Pterostylis clivicola

Scientific classification
- Kingdom: Plantae
- Clade: Tracheophytes
- Clade: Angiosperms
- Clade: Monocots
- Order: Asparagales
- Family: Orchidaceae
- Subfamily: Orchidoideae
- Tribe: Cranichideae
- Genus: Pterostylis
- Species: P. clivicola
- Binomial name: Pterostylis clivicola D.L.Jones G.N.Backhouse
- Synonyms: Hymenochilus clivicola D.L.Jones

= Pterostylis clivicola =

- Genus: Pterostylis
- Species: clivicola
- Authority: D.L.Jones G.N.Backhouse
- Synonyms: Hymenochilus clivicola D.L.Jones

Species of orchid

Pterostylis clivicola is a plant in the orchid family Orchidaceae and is endemic to a small area near the border between New South Wales and Victoria. It has a rosette of leaves and up to fourteen green flowers which have a labellum with a dark green, beak-like appendage.

==Description==
Pterostylis clivicola, is a terrestrial, perennial, deciduous, herb with an underground tuber. It has a rosette of between five and eight egg-shaped leaves, each leaf 6-20 mm long and 3-8 mm wide. Flowering plants have the rosette at the base of a flowering stem 50-160 mm high with between three and fourteen translucent green flowers with dark green lines. The dorsal sepal and petals form a hood or "galea" over the column. The dorsal sepal is pointed, erect near its base then curves forward. The lateral sepals turn downwards, joined for part of their length, the joined part 4-5 mm long and 5-6 mm wide. The labellum is green, about 2 mm long wide with a greenish-black appendage with three ridges. Flowering occurs from October to December.

==Taxonomy and naming==
This greenhood was first formally described in 2008 by David Jones and given the name Hymenochilus clivicola.

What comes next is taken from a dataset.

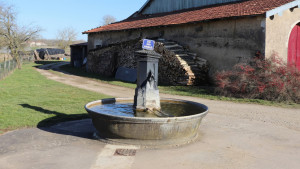 Pleuvezain, fountain (S)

The description was published in The Orchadian from a specimen collected near Delegate. In 2010, Gary Backhouse changed the name to Pterostylis clivicola. The specific epithet (clivicola) is derived from the Latin word clivus meaning "ascent", "elevation", "hill" or "sloping hillside" with the suffix -cola meaning "dweller".

==Distribution and habitat==
Pterostylis clivicola is only known from a population of about twenty plants growing in grassland near Bendoc.